Will the Kop finally be singing their Carroll at last against Newcastle?
     What might give Liverpool and England fans a glimmer of hope for the future of Andy Carroll as a top European and international footballer is to remember the devastating impact the relatively inexperienced player had in Premier League games against the likes of Aston Villa and Liverpool for the Magpies last season. 
     The man who was tipped to have a bright future by Italy legend Gianluigi Buffon, who faced an 18-year-old Carroll in 2007, has also been praised highly by his former manager Alan Pardew. Pardew has described the effects of losing Carroll last season in unequivocal terms.
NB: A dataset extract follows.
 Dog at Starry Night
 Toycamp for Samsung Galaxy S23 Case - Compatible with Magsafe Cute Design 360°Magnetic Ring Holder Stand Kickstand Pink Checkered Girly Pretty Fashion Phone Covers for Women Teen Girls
He has pinpointed the loss of the striker as a key reason for his side's poor performance away to Fulham last season. "There is no doubt it was an after-effect of the sale", claims Pardew. "When Andy left, it was as disappointing a week as I have felt at this club", he added, highlighting just how much he felt he had lost with the departure of Carroll to Liverpool.
     Perhaps the (now controversial) record-breaking transfer of year ago that left Alan Pardew "feeling dejected" may yet lift the spirits of a Kop robbed of their new talisman through suspension and leave Kenny Dalglish feeling vindicated.